## PROMPT:
Could you transcribe exactly the lines below, from the line with "Once more, just" through the line with "So for more", and nothing else, leaving out the pictures?

## RECORDS TO PROCESS:
※ ※ ※
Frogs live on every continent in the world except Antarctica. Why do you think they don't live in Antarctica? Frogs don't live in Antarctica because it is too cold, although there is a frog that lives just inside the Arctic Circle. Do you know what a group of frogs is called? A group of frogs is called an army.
※ ※ ※
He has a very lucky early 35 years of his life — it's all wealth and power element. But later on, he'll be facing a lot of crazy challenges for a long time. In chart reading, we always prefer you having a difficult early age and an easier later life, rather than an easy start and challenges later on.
※ ※ ※
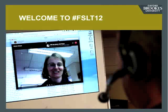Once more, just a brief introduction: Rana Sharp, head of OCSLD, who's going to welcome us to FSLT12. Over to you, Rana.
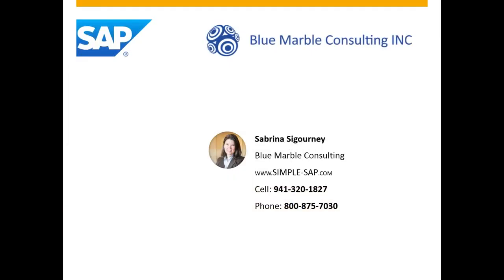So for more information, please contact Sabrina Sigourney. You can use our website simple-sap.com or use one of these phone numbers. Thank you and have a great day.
※ ※ ※
## ANSWER FOR THIS EXERCISE:
Once more, just a brief introduction: Rana Sharp, head of OCSLD, who's going to welcome us to FSLT12. Over to you, Rana.
So for more information, please contact Sabrina Sigourney. You can use our website simple-sap.com or use one of these phone numbers. Thank you and have a great day.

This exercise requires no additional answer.